**About this task**
Repeat nothing but the line that contains "Начались работы по" and the lines after it, through the end of the listing, exactly as they stand; omit pictures.

**Collected data**
= Beginning of Section =

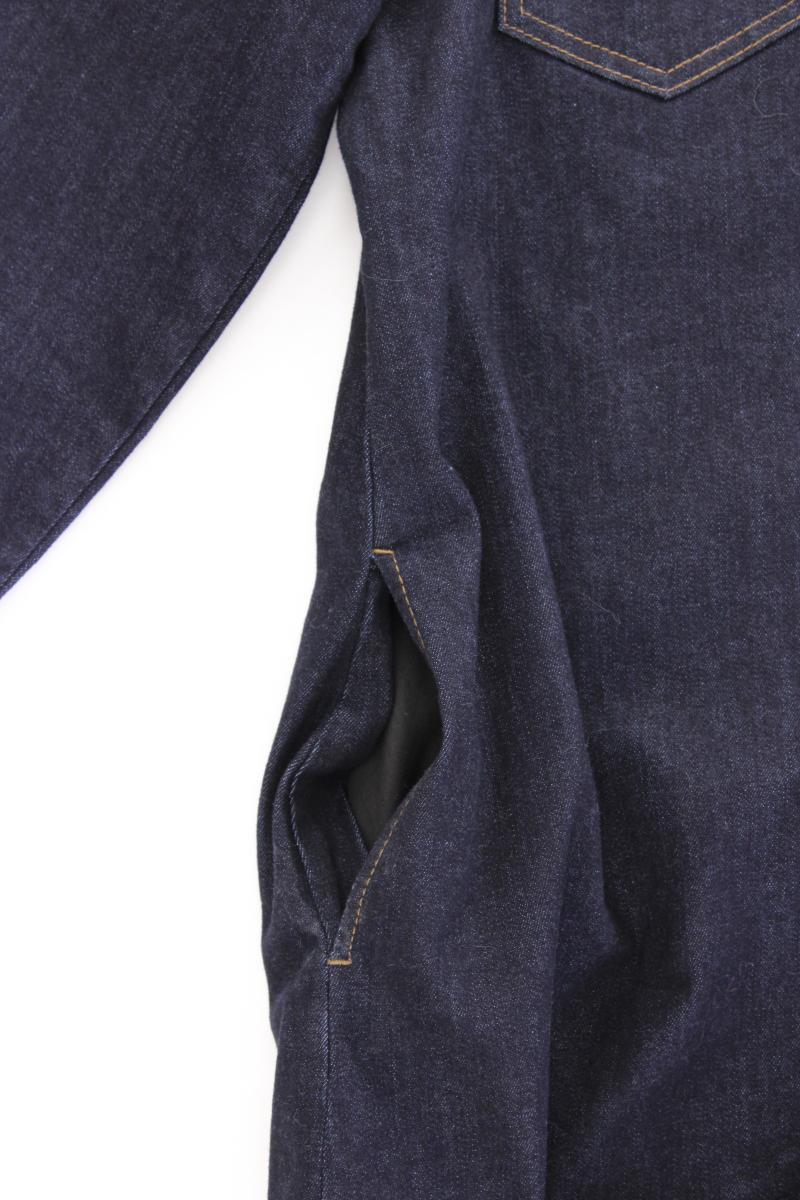 Street One Jeanskleid Gr. 40 3/4 Ärmel blau aus Baumwolle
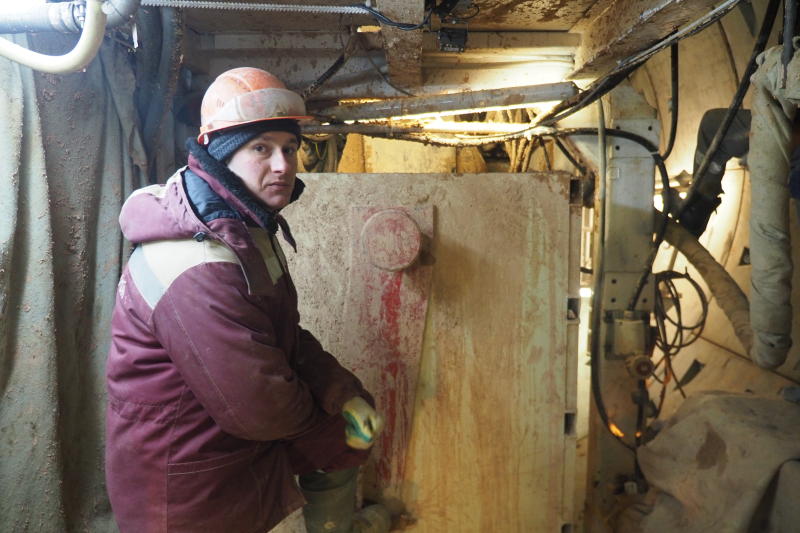 Начались работы по продлению Люблинско-Дмитровской линии метро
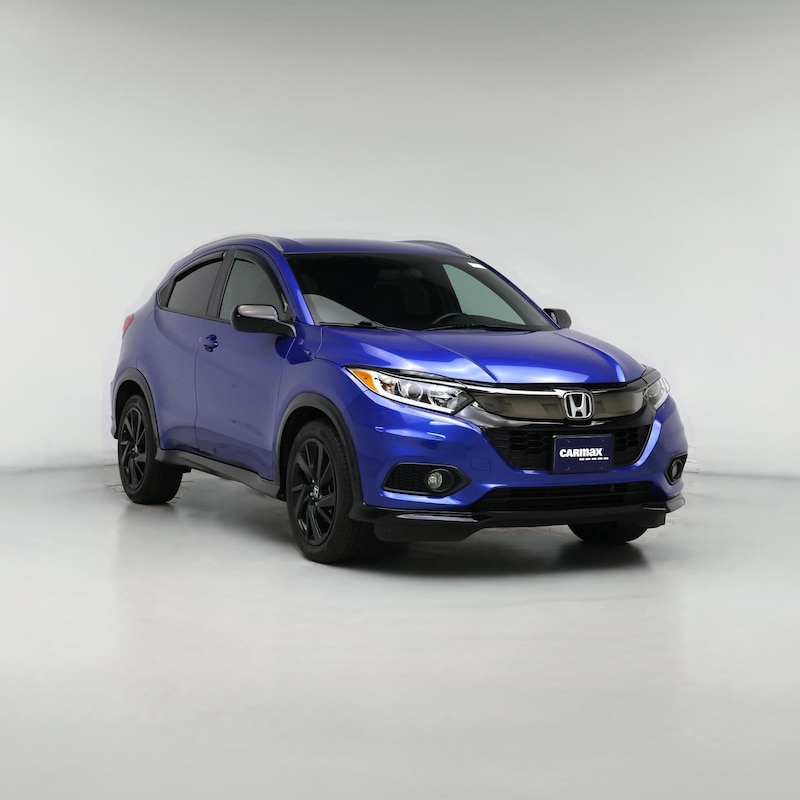 2021 Honda HR-V Sport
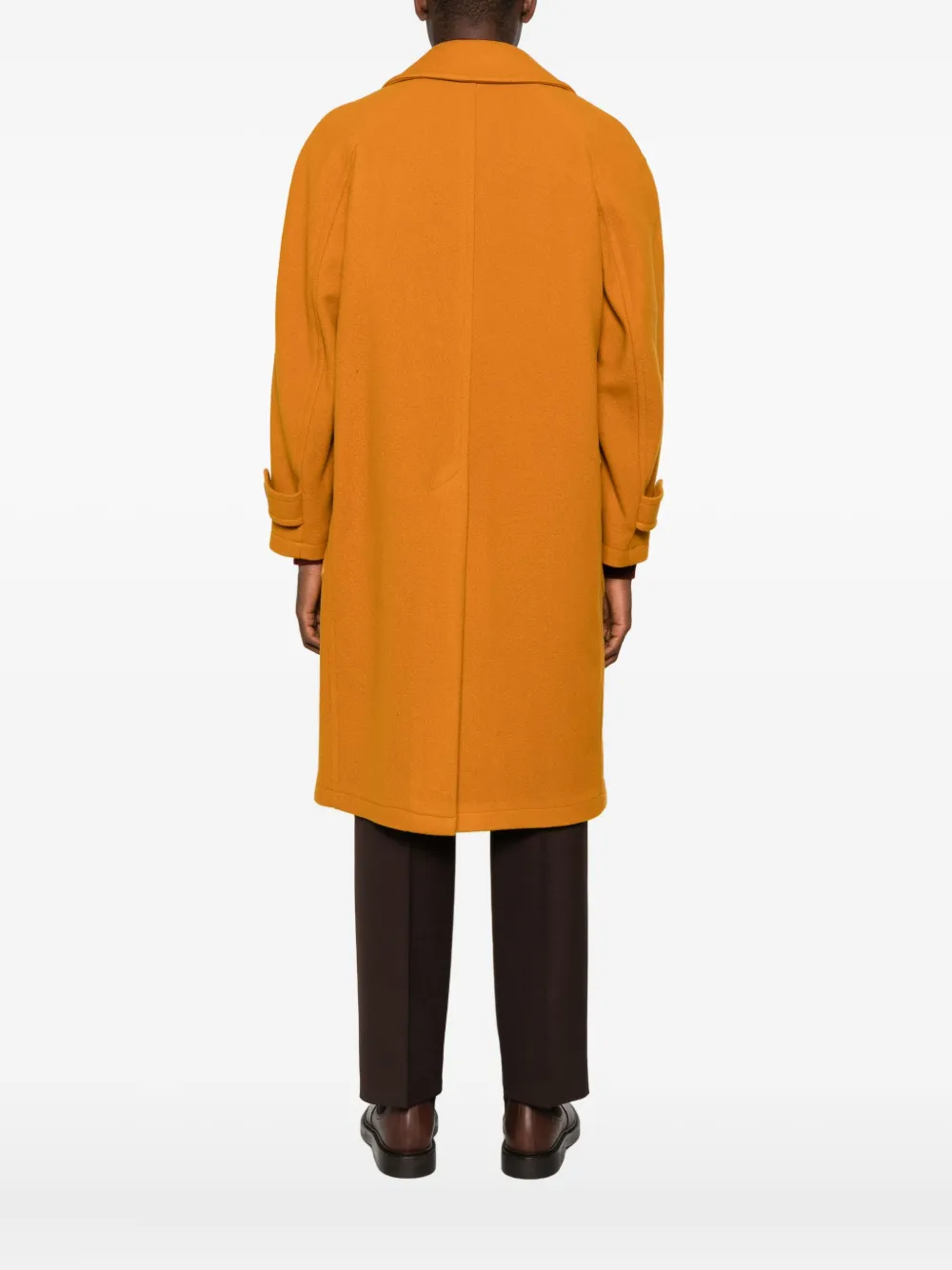 Tagliatore Gewatteerde jas Oranje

= End of Section =

**Finished task**
 Начались работы по продлению Люблинско-Дмитровской линии метро
 2021 Honda HR-V Sport
 Tagliatore Gewatteerde jas Oranje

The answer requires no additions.